_Your assignment_
An exact transcription of the records is required, minus any images.

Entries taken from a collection
================================

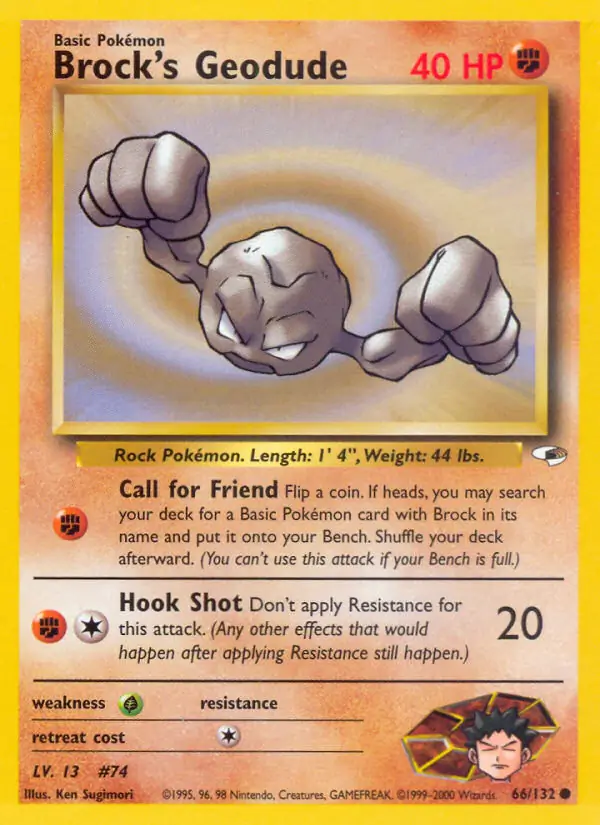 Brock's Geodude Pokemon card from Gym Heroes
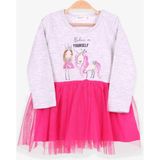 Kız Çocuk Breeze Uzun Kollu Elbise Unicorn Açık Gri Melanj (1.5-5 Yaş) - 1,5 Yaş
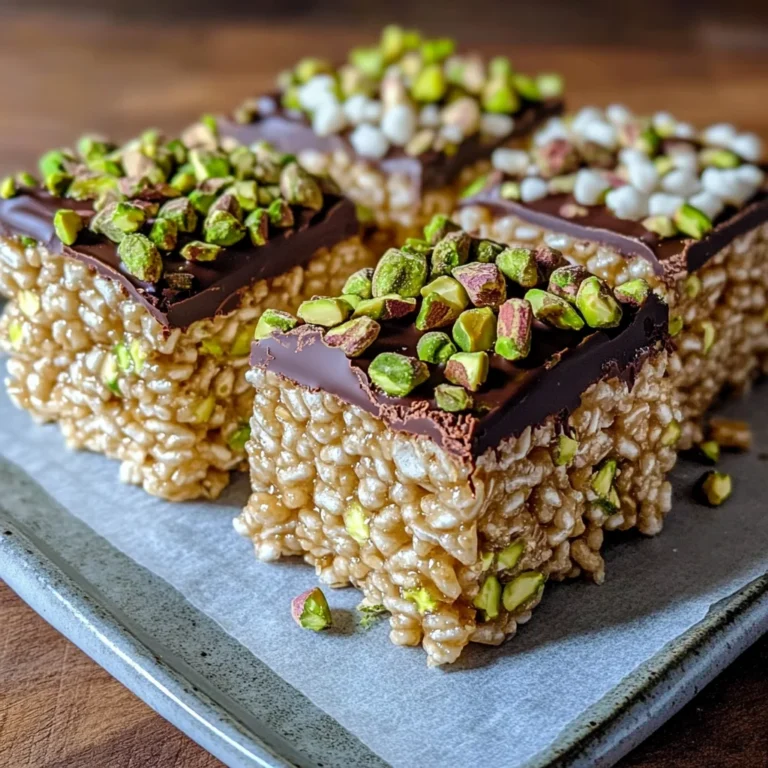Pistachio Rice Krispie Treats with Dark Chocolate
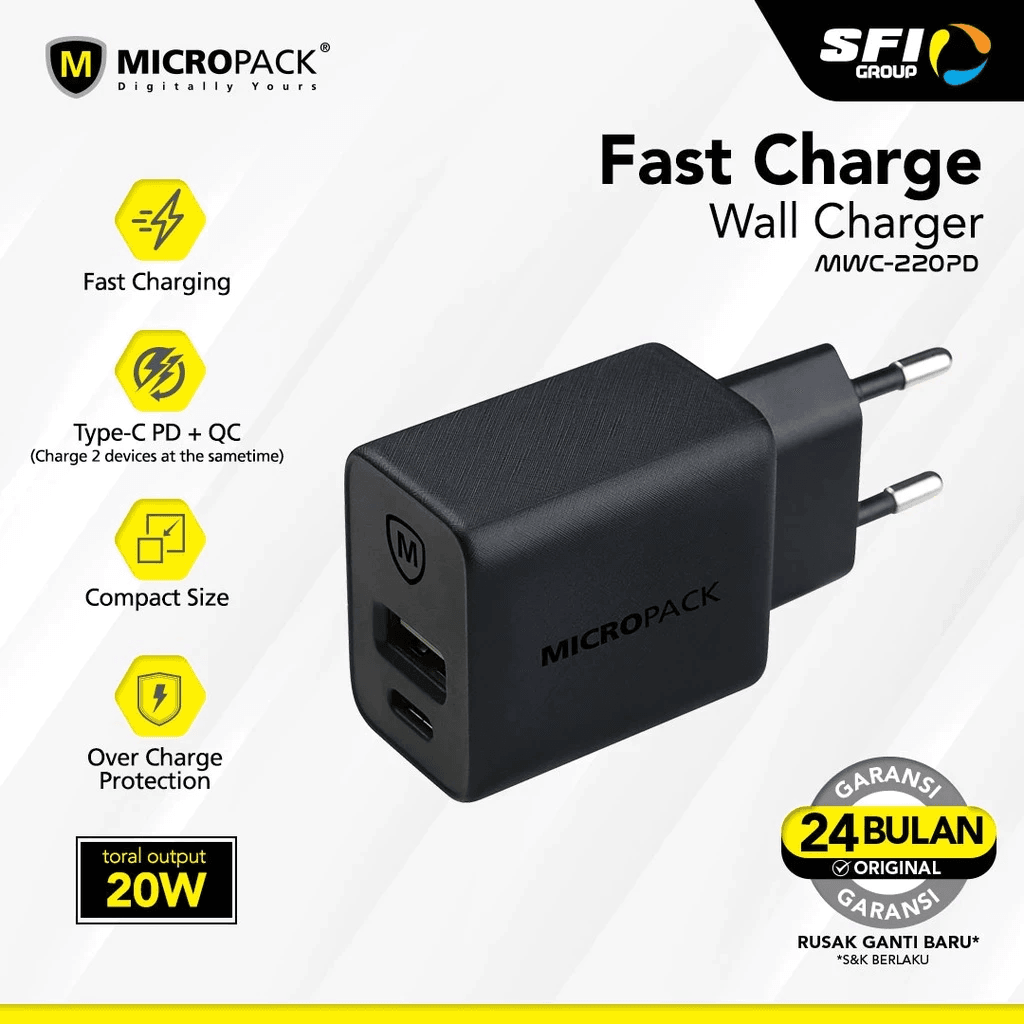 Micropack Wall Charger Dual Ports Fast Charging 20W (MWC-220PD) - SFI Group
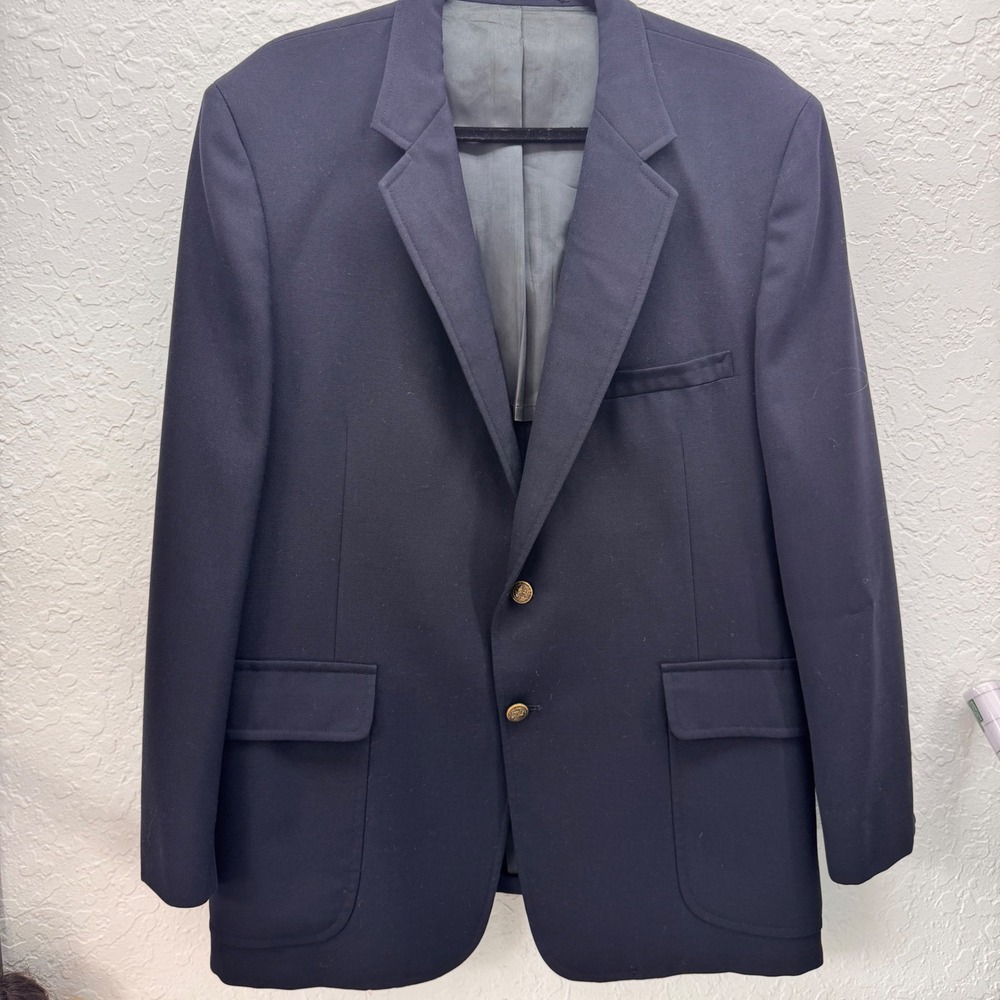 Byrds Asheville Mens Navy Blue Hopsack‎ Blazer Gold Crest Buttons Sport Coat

================================

_Response area_
 Brock's Geodude Pokemon card from Gym Heroes
 Kız Çocuk Breeze Uzun Kollu Elbise Unicorn Açık Gri Melanj (1.5-5 Yaş) - 1,5 Yaş
Pistachio Rice Krispie Treats with Dark Chocolate
 Micropack Wall Charger Dual Ports Fast Charging 20W (MWC-220PD) - SFI Group
 Byrds Asheville Mens Navy Blue Hopsack‎ Blazer Gold Crest Buttons Sport Coat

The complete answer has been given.